There is of course similarities between this and so called Video On Demand
services where you can watch a program whenever you want and the cable
provider sends it out to you when you request it. The major difference is
that cablevision
The plaintiffs in the case where Cartoon network and numerous other content
providers who argued that this new service would constitute direct
copyright infringement, important to note that they only sued for direct
copyright infringement and not also contributory copyright infringement.
The dispute
The plaintiffs argued that Cablevision infringed their copyright in three
ways:
1) The buffer data
2) For creating the playback copies on their servers
3) Transmission of RS-DVR Playback
The appellate court examined these three grounds:
The Buffer Data
The data in the buffer, that was needed for the system to work, only
contained no more than 1.2 seconds of recording and was automatically
overwritten.
The Second Circuit court noted that the Copyright Act requires two
conditions for a work to be "fixed" and hence infringing: the work must be
both "embodied in a copy or phonorecord" and perceivable "for a period of
more than a transitory duration."
The Circuit Court thus held that while the data was embodied in the buffer,
the duration was sufficiently small to be considered transitory.
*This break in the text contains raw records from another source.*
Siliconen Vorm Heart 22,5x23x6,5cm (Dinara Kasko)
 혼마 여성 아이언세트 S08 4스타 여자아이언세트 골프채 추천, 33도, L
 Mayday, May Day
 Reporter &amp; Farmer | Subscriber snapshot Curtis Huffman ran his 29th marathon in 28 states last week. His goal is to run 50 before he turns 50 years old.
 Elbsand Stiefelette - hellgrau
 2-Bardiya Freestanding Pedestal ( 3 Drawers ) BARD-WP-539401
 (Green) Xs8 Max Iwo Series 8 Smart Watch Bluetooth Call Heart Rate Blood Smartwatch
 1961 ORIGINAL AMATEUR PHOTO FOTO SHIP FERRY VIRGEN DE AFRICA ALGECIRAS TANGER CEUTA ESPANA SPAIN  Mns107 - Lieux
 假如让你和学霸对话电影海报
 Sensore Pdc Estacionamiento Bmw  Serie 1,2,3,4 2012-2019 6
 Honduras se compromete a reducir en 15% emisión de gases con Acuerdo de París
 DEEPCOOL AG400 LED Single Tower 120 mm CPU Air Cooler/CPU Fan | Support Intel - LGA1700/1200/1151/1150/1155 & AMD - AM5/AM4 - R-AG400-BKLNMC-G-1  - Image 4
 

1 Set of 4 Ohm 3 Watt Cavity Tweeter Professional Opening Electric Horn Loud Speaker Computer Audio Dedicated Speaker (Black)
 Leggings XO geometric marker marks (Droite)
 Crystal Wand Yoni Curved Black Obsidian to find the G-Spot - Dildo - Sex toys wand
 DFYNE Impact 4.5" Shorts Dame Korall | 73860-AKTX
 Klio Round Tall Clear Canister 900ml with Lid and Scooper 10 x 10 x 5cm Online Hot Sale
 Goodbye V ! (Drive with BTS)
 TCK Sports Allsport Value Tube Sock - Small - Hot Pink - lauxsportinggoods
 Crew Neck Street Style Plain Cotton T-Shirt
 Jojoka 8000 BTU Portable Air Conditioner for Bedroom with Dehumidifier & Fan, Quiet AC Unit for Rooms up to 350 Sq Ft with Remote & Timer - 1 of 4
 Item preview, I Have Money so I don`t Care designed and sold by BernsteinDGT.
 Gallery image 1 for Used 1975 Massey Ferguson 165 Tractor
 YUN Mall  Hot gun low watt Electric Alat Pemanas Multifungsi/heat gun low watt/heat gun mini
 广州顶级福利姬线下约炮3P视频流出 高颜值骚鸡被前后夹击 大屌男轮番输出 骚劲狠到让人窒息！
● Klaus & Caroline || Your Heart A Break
Therefore this ground did not constitute copyright infringement.
Direct Liability for Creating the Playback Copies Edit
The important question in determining liability for direct copyright
infringement with respect to the copies stored on hard drives in the
Cablevision RS-DVR was who made the copies.
the Circuit Court found that while Cablevision engaged in some volitional
conduct by creating a system which exists only to reproduce conduct, it was
not "sufficiently proximate" to the act of copying to be liable for direct
infringement. The Circuit Court held that the claims brought by Cartoon
Network, et al., were more relevant to claims of contributory infringement,
which was not at issue in the case.
Therefore this ground did not constitute copyright infringement.
Transmission of RS-DVR Playback Edit
The court found that the transmit clause directs us to identify the
potential audience of a given transmission, i.e., the persons "capable if
receiving" it, to determine whether that transmission is made 'to the
public." Because each RS-DVR playback transmission is made to a single
subscriber using a single unique copy produced by that subscriber, we
conclude that such transmissions are not performances "to the public," and
therefore do not infringe any exclusive right of public performance. It
based its decision on the application of undisputed facts.